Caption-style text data
..............................

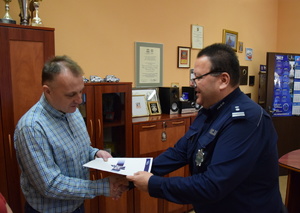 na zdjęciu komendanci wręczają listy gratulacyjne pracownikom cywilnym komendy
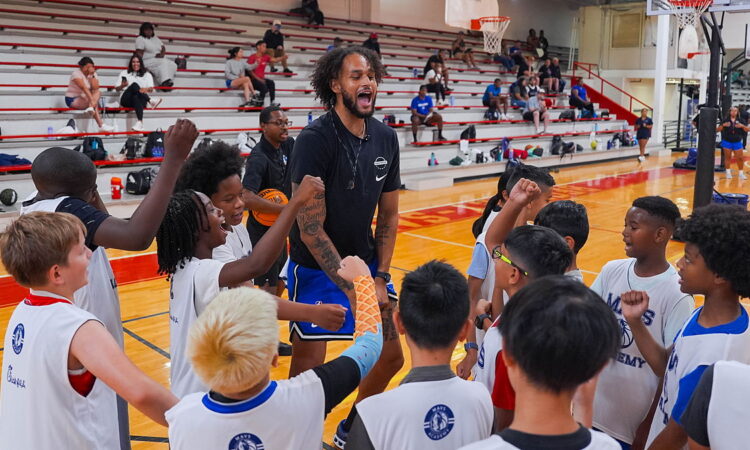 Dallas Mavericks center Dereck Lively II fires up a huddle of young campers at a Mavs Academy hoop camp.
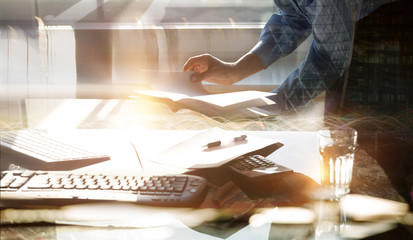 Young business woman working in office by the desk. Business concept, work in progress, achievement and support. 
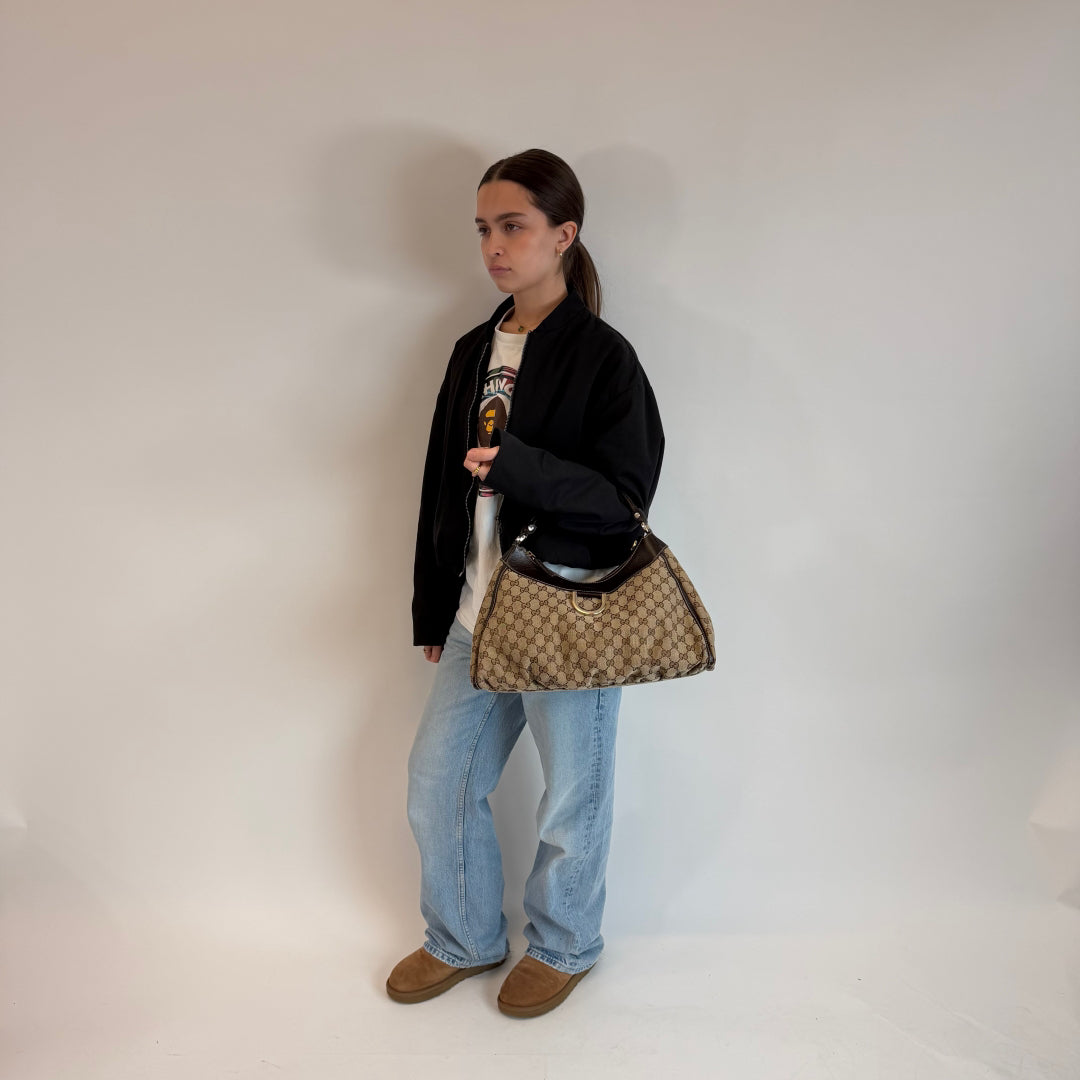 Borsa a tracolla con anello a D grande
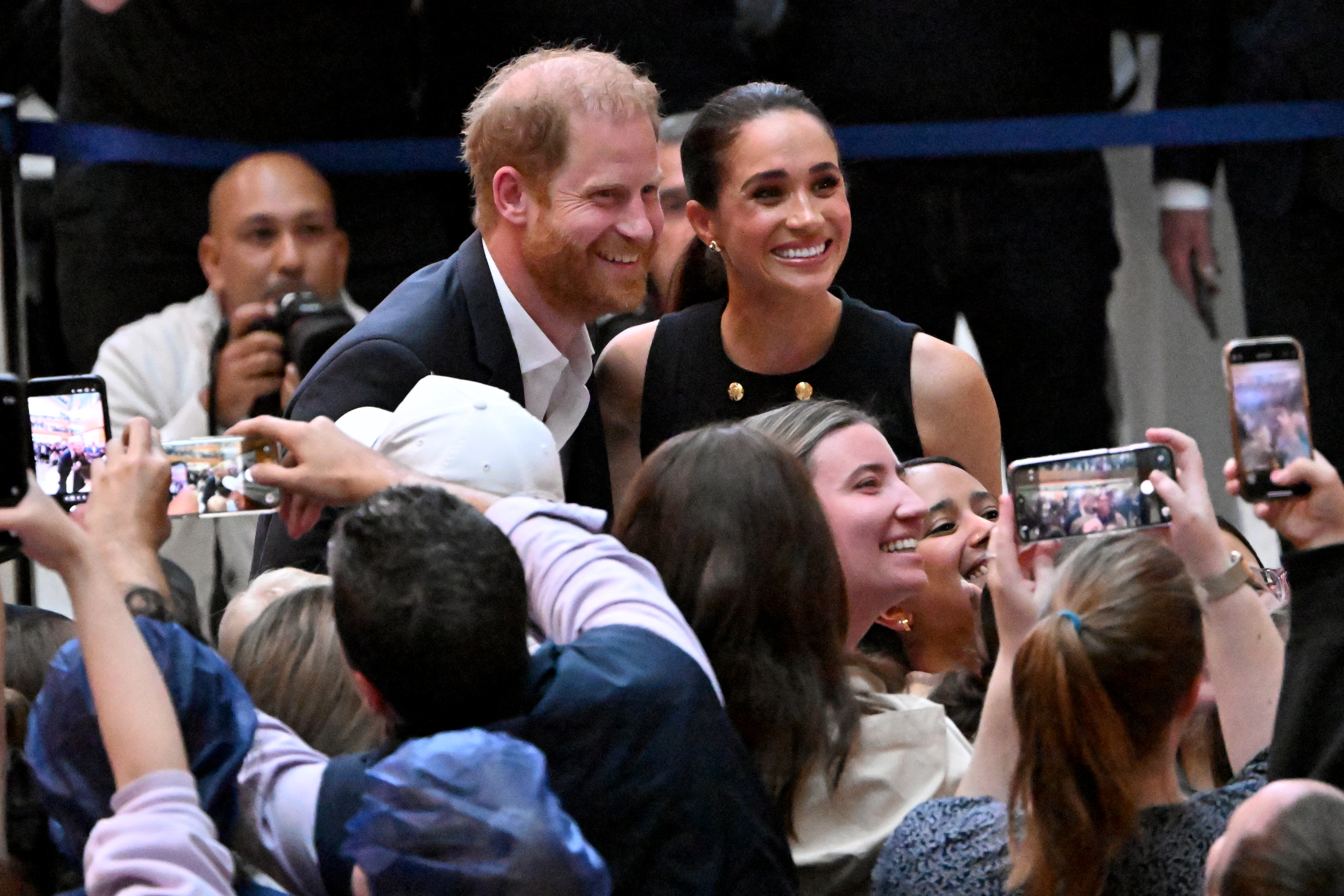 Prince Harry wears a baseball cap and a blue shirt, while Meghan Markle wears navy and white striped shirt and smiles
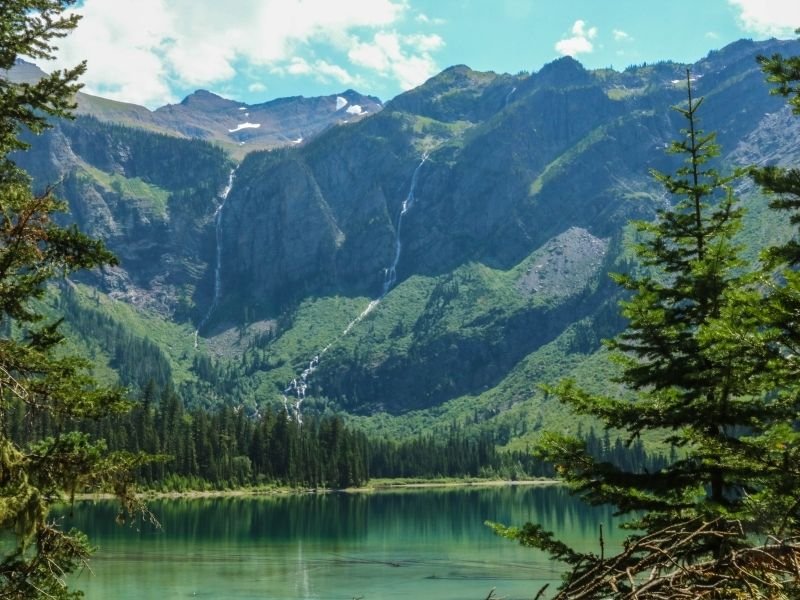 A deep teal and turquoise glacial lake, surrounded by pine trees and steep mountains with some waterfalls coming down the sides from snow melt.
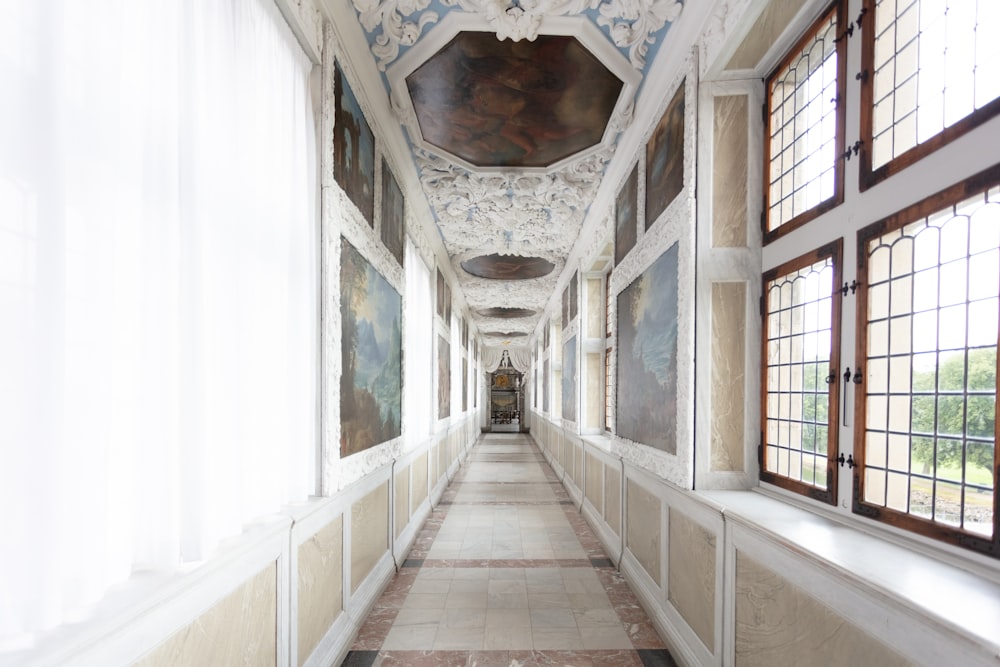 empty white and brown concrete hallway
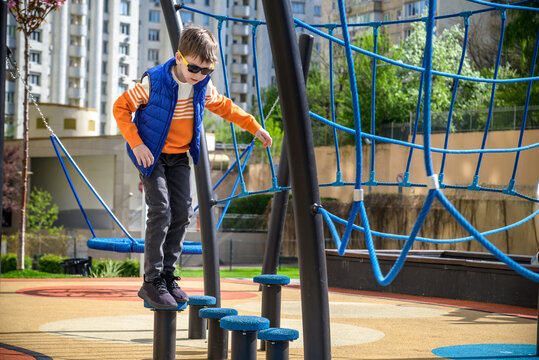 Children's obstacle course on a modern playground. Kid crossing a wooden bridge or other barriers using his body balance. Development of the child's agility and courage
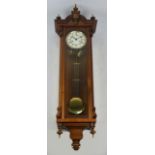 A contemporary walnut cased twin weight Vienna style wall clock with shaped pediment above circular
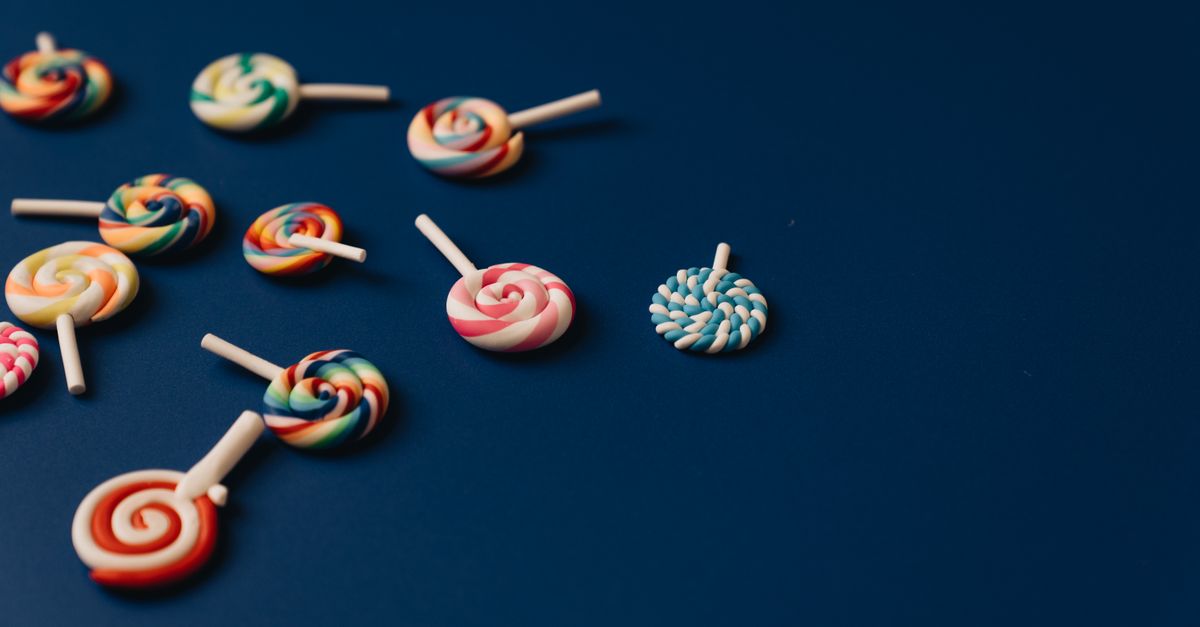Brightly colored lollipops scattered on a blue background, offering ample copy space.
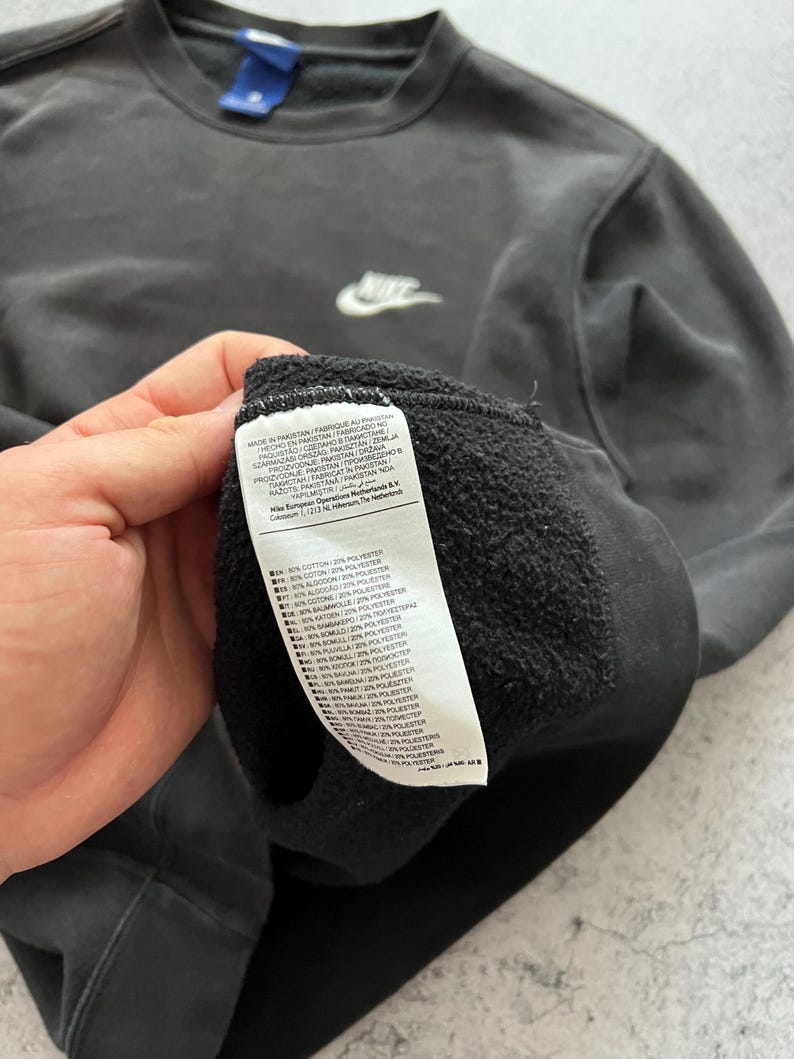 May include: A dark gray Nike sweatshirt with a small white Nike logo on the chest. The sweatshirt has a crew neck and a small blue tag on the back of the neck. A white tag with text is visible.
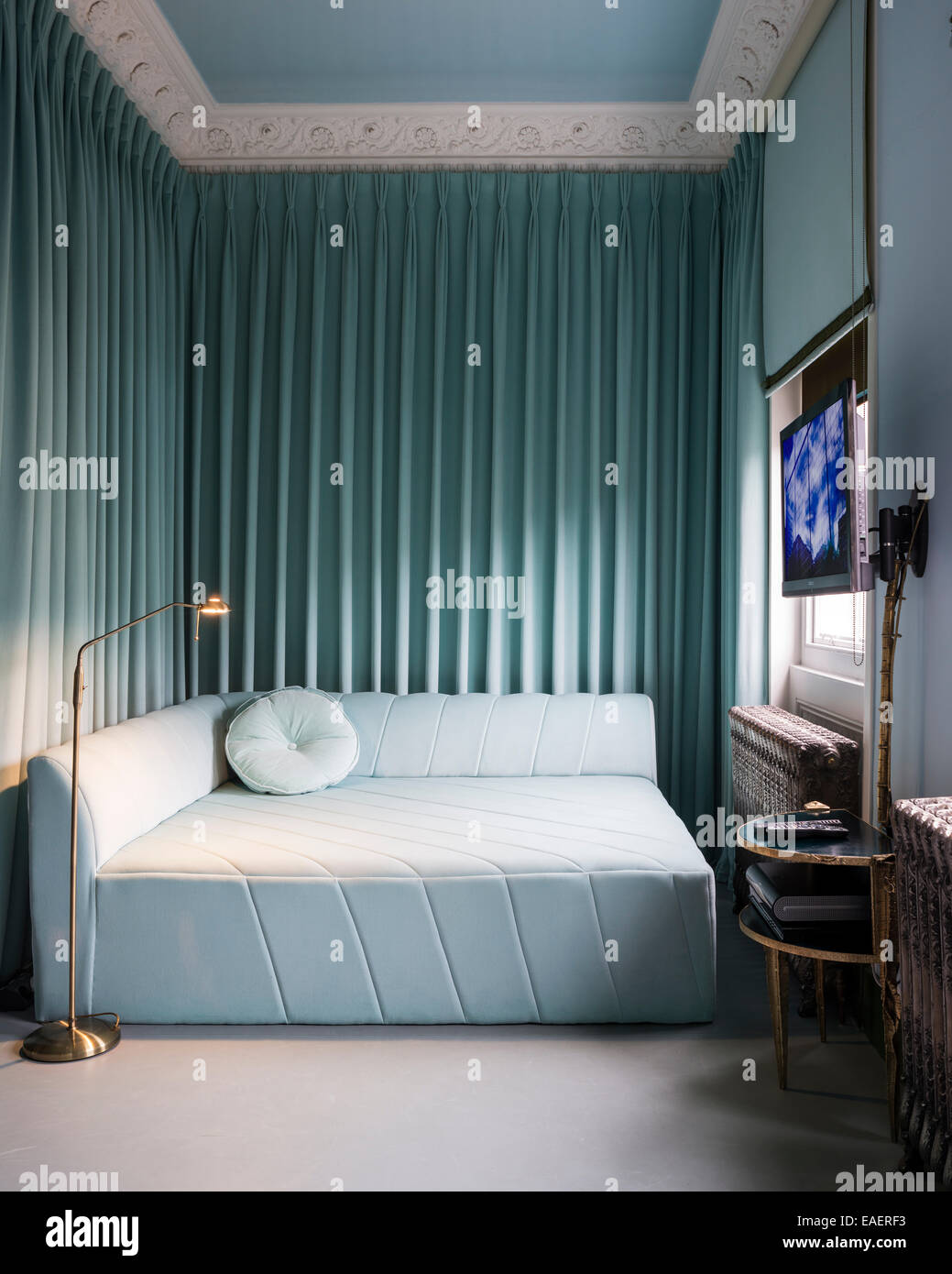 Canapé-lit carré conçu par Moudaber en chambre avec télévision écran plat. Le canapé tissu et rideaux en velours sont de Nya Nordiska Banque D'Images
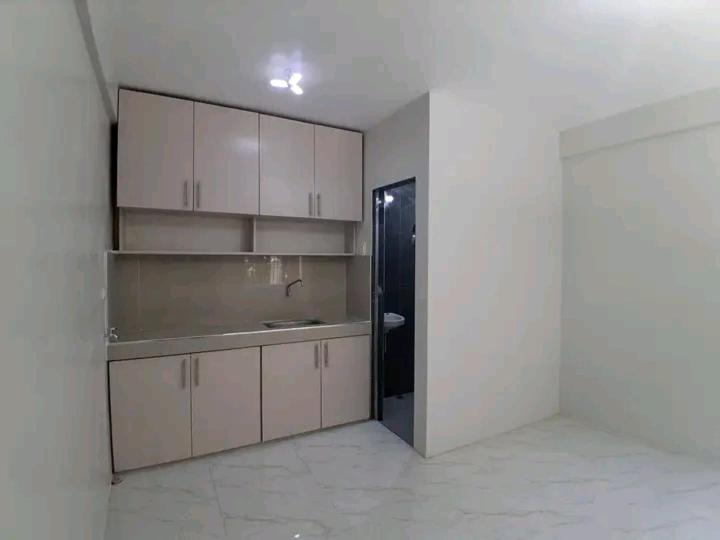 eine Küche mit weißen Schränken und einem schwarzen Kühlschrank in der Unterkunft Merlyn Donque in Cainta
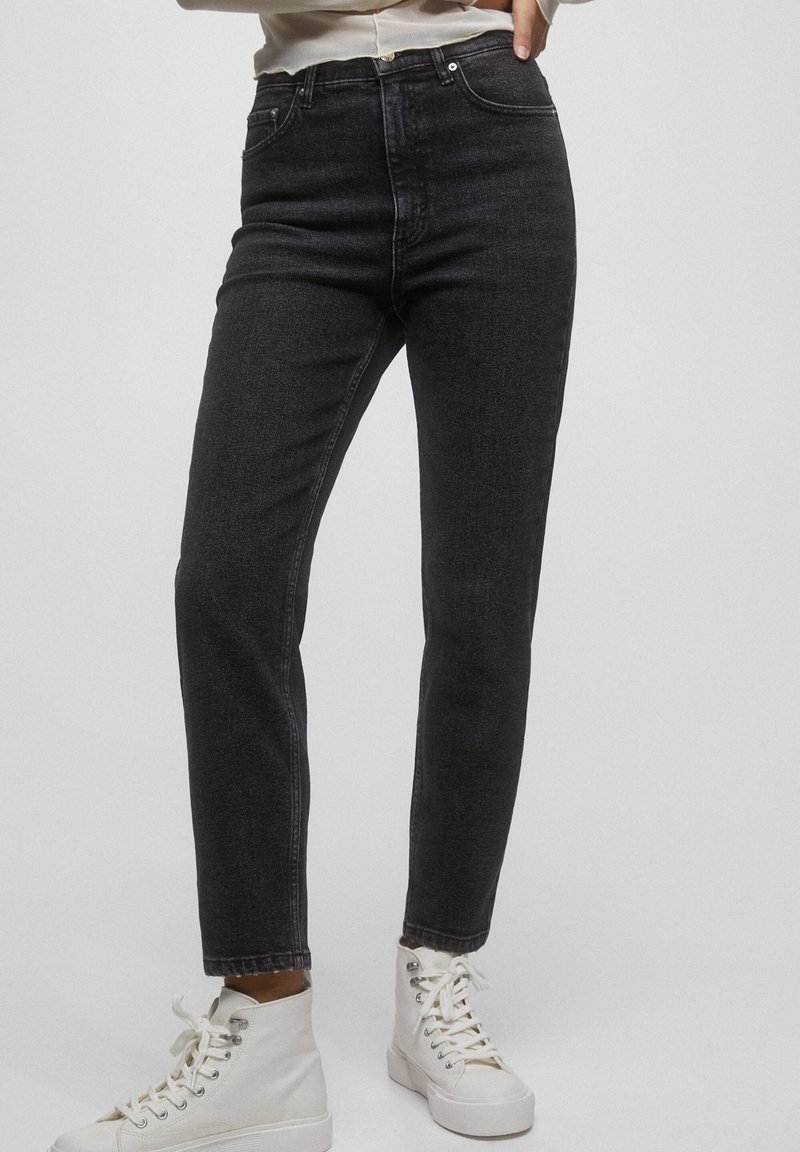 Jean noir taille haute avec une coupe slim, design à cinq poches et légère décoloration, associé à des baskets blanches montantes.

..............................

● Task requirements:
Quote exactly, and only, the lines from the one containing "A deep teal" through the last line of the records above, both included; leave out any pictures.

● Task output:
 A deep teal and turquoise glacial lake, surrounded by pine trees and steep mountains with some waterfalls coming down the sides from snow melt.
 empty white and brown concrete hallway
 Children's obstacle course on a modern playground. Kid crossing a wooden bridge or other barriers using his body balance. Development of the child's agility and courage
 A contemporary walnut cased twin weight Vienna style wall clock with shaped pediment above circular
Brightly colored lollipops scattered on a blue background, offering ample copy space.
 May include: A dark gray Nike sweatshirt with a small white Nike logo on the chest. The sweatshirt has a crew neck and a small blue tag on the back of the neck. A white tag with text is visible.
 Canapé-lit carré conçu par Moudaber en chambre avec télévision écran plat. Le canapé tissu et rideaux en velours sont de Nya Nordiska Banque D'Images
 eine Küche mit weißen Schränken und einem schwarzen Kühlschrank in der Unterkunft Merlyn Donque in Cainta
 Jean noir taille haute avec une coupe slim, design à cinq poches et légère décoloration, associé à des baskets blanches montantes.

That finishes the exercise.